No new external/HTTP API. Contracts here are (a) the gateway config knob, (b) the internal Python function behavior, and (c) the user-facing warning messages.

C1 — Helm values contract

global:
agentgateway:
extAuth:
enabled: false
serviceName: ""
serviceNamespace: ""
port: 9100
# NEW: per-route external-authorization request timeout applied by the
# gateway. The proxy's built-in default is 200ms, which is too tight for
# concurrent tool-enumeration against a cold OpenFGA and yields
# fail-closed 403s ("MCP server unavailable").

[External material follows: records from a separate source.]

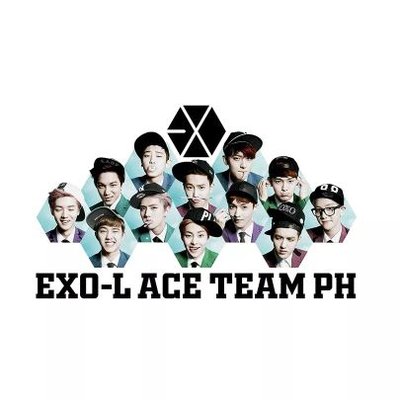 EXO-L ACE TEAM PH's profile picture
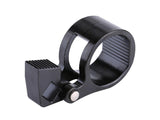 1/2" Inner Tie Rod Wrench 27-42mm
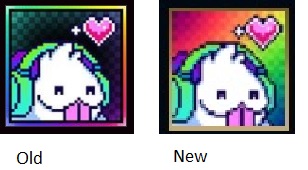 308x170 Why Was The Arcade Poro Icon Changed Again!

Default 10s.
timeout: "10s"
  • Static routing render (templates/agentgateway-static-config.yaml): the extAuthz block MUST emit timeout: {{ $extAuth.timeout | default "10s" | quote }}.
  • Backward compatibility: when extAuth.timeout is unset, render "10s". No behavior change when extAuth.enabled: false (block not rendered).
  • CRD routing (templates/agentgateway-mcp.yaml): unchanged; documented that the timeout is tuned via the authz-bridge backend requestTimeout (no policy field exists).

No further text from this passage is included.